Com uma hora de Oscar, o nome de Steven Spielberg já havia sido pronunciado nove vezes, sempre em tons reverentes e gratos, pelos vencedores de quatro categorias. Era, com absoluta certeza, um barômetro do que estava por vir. E o que estava por vir era uma vitória completa de Spielberg, tanto no fronte artístico com "A Lista de Schindler" (prêmios para filme, direção, roteiro adaptado, trilha sonora, montagem, direção de arte, fotografia) quanto no fronte técnico com "Parque dos Dinossauros" (melhor som, efeitos sonoros, efeitos especiais).

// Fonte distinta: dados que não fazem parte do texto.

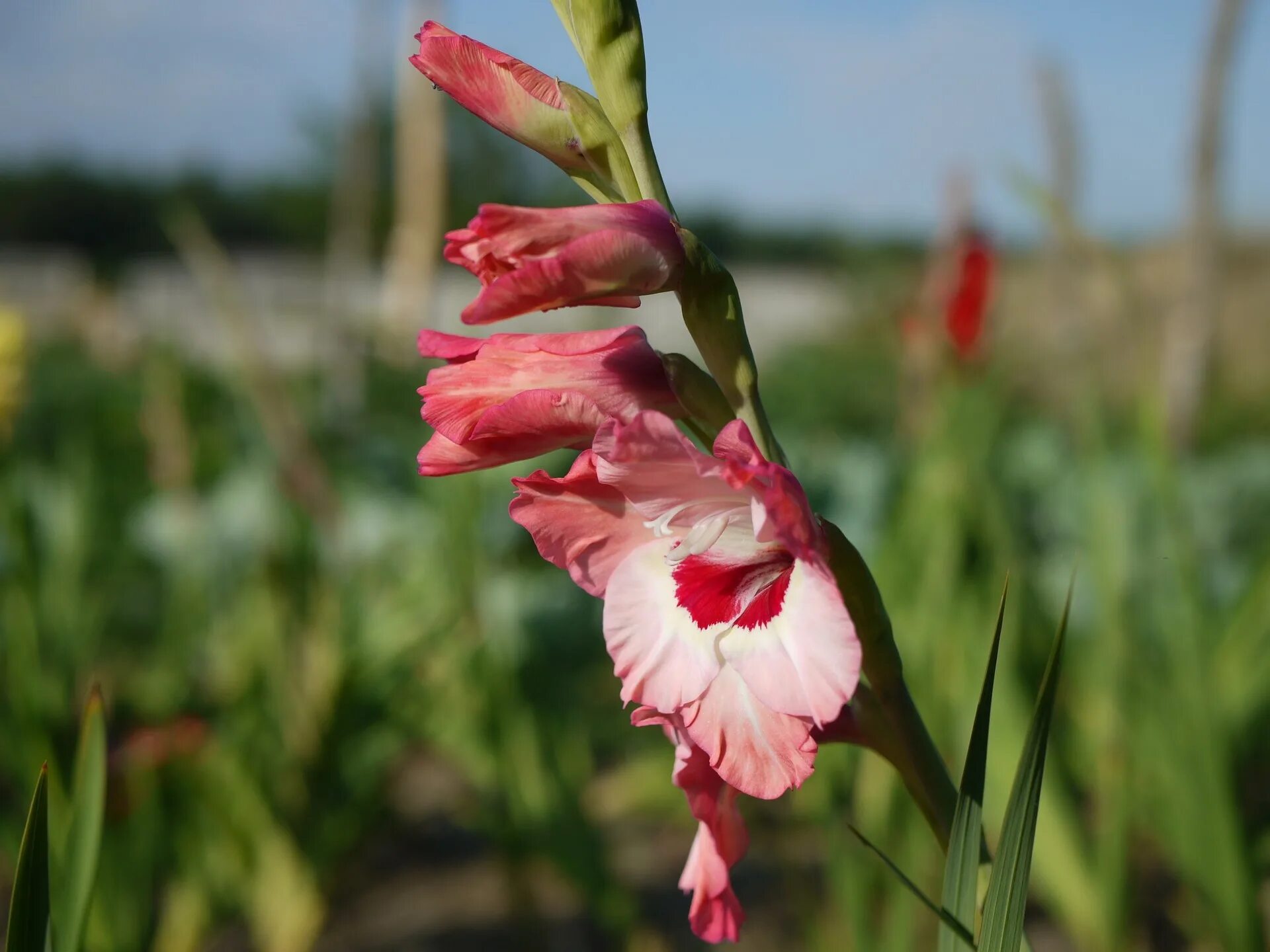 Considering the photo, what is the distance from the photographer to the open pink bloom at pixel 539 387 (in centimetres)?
34

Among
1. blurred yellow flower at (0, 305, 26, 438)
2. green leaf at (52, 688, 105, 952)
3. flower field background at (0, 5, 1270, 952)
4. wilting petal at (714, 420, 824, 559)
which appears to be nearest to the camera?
wilting petal at (714, 420, 824, 559)

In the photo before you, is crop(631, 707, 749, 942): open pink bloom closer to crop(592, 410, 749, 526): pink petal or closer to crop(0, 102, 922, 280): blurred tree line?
crop(592, 410, 749, 526): pink petal

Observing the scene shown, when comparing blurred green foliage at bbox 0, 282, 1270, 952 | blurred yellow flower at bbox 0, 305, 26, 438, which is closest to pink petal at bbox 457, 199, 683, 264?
blurred green foliage at bbox 0, 282, 1270, 952

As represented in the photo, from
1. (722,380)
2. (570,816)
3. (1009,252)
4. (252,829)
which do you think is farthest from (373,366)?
(1009,252)

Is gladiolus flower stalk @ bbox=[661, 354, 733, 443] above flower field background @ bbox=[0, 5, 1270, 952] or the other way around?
above

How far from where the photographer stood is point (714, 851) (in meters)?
0.38

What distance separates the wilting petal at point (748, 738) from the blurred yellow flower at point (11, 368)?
56.4 inches

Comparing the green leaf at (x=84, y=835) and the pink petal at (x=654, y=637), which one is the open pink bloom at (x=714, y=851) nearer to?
the pink petal at (x=654, y=637)

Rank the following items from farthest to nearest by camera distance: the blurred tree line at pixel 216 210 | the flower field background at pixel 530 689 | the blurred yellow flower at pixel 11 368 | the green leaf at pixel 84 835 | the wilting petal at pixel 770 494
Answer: the blurred tree line at pixel 216 210
the blurred yellow flower at pixel 11 368
the flower field background at pixel 530 689
the green leaf at pixel 84 835
the wilting petal at pixel 770 494

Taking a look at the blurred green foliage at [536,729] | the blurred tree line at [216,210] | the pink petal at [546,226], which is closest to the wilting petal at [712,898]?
the pink petal at [546,226]

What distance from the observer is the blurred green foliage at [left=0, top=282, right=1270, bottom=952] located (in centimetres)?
100

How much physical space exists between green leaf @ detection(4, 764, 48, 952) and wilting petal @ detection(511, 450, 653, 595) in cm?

Para Spielberg, uma vitória pessoal. Foram dez Oscars que se devem, direta ou indiretamente, ao seu trabalho. Para "A Lista de Schindler", não exatamente um recorde –o maior número de estatuetas numa noite só ainda é de "Ben Hur", 11 Oscars em 1959– mas o maior empurrão publicitário que o filme poderia receber.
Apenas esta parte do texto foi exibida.